Required action: From the listing below, copy only the lines running from the line that contains "Writing / Literary" to the line that contains "Splash Youth A-line", both included.

Available data:

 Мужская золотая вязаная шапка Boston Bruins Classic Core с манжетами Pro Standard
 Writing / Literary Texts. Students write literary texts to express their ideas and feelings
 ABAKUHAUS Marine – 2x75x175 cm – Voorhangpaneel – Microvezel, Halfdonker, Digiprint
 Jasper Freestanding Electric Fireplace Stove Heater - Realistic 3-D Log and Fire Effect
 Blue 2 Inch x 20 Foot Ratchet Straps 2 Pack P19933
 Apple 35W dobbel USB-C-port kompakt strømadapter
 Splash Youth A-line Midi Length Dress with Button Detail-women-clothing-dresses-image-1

==

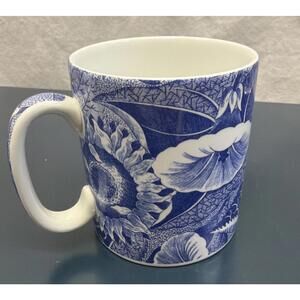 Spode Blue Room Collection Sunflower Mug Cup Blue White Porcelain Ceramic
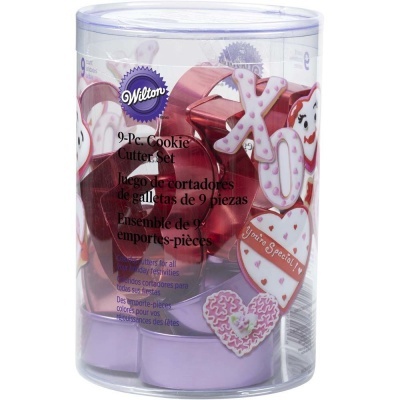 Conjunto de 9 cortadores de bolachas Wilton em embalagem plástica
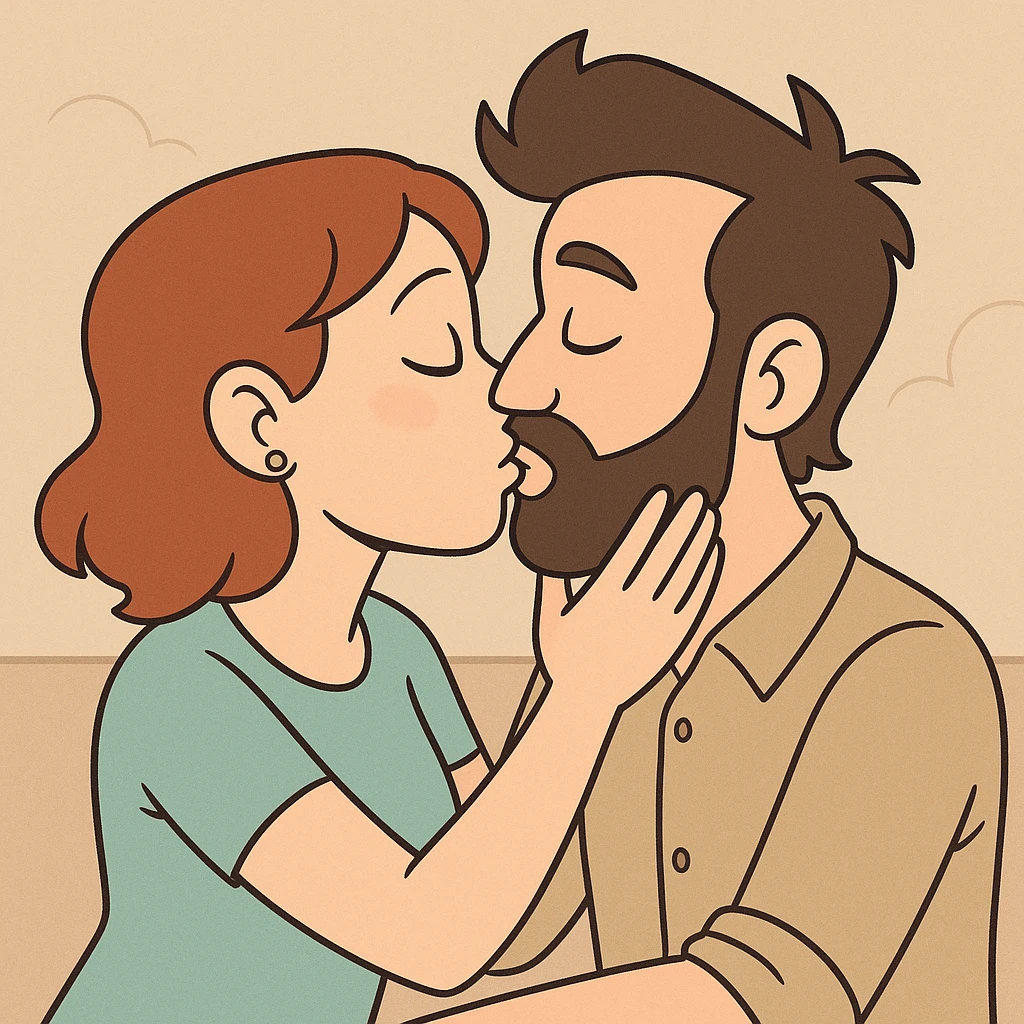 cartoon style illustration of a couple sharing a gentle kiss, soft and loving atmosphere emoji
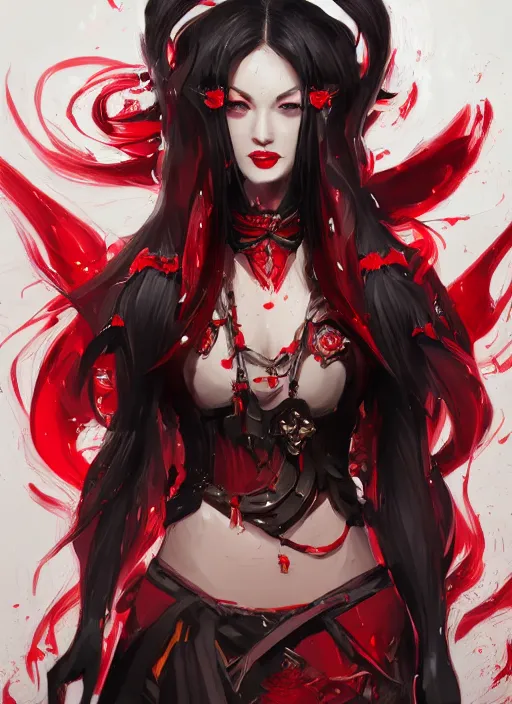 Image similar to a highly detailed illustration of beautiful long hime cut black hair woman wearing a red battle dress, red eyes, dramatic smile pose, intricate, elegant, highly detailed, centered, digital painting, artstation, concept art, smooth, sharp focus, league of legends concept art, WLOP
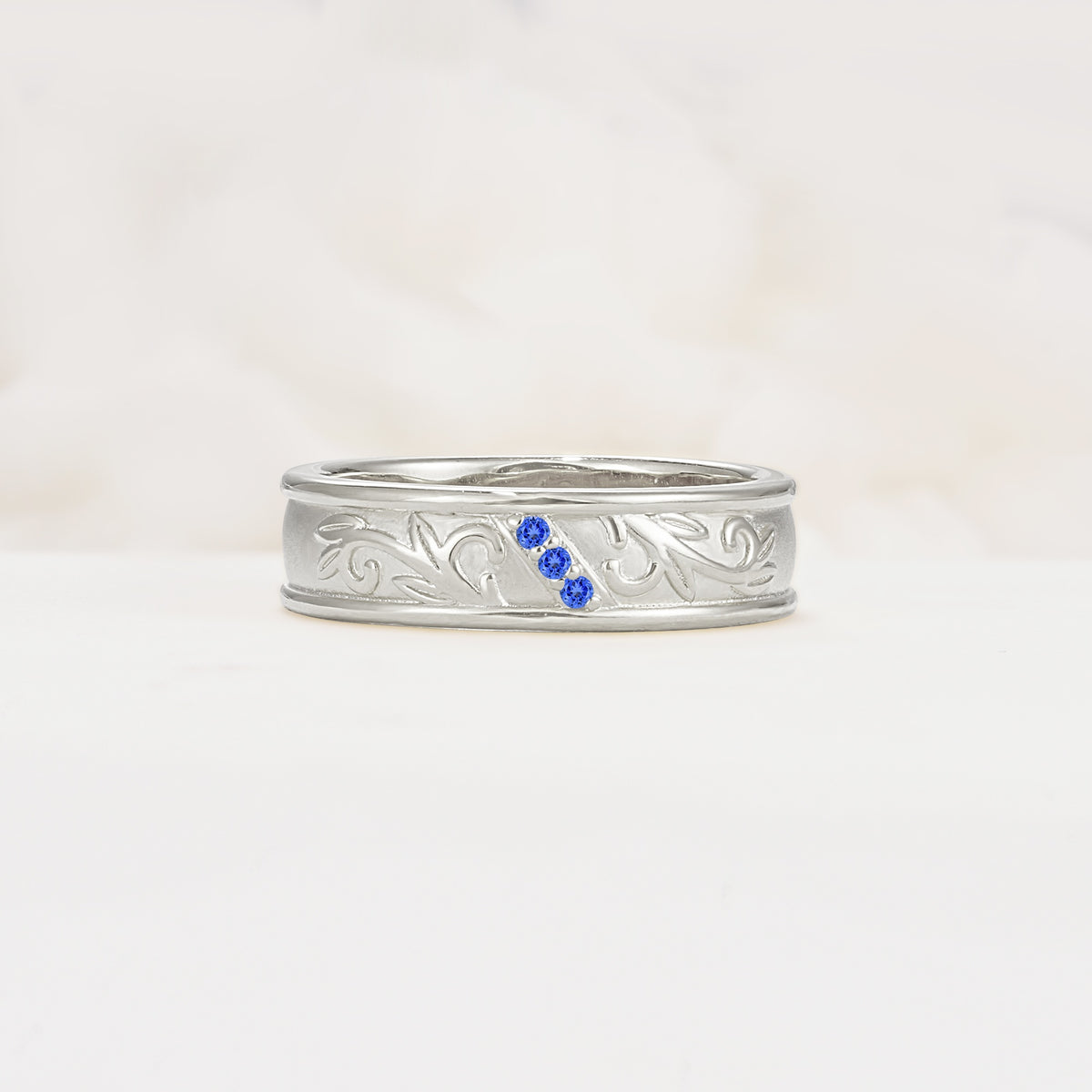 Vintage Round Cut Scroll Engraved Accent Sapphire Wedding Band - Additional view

Solution to this problem:
 Writing / Literary Texts. Students write literary texts to express their ideas and feelings
 ABAKUHAUS Marine – 2x75x175 cm – Voorhangpaneel – Microvezel, Halfdonker, Digiprint
 Jasper Freestanding Electric Fireplace Stove Heater - Realistic 3-D Log and Fire Effect
 Blue 2 Inch x 20 Foot Ratchet Straps 2 Pack P19933
 Apple 35W dobbel USB-C-port kompakt strømadapter
 Splash Youth A-line Midi Length Dress with Button Detail-women-clothing-dresses-image-1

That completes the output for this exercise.